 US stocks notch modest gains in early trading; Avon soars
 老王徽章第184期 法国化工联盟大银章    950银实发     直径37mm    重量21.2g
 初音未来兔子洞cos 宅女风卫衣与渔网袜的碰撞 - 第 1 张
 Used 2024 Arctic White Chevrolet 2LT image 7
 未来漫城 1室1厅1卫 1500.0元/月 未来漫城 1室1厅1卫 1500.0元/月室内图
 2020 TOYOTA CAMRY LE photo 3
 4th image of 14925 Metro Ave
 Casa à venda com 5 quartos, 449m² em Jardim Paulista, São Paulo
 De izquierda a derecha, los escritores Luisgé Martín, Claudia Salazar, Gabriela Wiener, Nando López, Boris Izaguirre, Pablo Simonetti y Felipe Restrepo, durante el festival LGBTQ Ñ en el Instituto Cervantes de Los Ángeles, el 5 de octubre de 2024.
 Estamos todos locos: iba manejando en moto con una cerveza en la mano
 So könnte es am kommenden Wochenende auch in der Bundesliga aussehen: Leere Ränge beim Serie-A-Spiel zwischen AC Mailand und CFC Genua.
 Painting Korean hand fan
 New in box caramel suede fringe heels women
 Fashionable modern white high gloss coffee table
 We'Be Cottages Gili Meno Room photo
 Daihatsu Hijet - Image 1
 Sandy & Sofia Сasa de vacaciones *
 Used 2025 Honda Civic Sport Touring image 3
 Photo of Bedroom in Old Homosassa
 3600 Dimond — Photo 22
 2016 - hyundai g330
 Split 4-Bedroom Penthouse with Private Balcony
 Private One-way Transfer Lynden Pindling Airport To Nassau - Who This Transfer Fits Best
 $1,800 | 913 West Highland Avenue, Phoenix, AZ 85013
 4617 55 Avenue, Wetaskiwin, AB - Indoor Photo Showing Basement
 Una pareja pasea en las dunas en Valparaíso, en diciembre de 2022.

What is required ::
Write out exactly the lines from the line containing "We'Be Cottages Gili Meno Room photo" to the end of the listing above, both included, and nothing else.

Exercise answer ::
 We'Be Cottages Gili Meno Room photo
 Daihatsu Hijet - Image 1
 Sandy & Sofia Сasa de vacaciones *
 Used 2025 Honda Civic Sport Touring image 3
 Photo of Bedroom in Old Homosassa
 3600 Dimond — Photo 22
 2016 - hyundai g330
 Split 4-Bedroom Penthouse with Private Balcony
 Private One-way Transfer Lynden Pindling Airport To Nassau - Who This Transfer Fits Best
 $1,800 | 913 West Highland Avenue, Phoenix, AZ 85013
 4617 55 Avenue, Wetaskiwin, AB - Indoor Photo Showing Basement
 Una pareja pasea en las dunas en Valparaíso, en diciembre de 2022.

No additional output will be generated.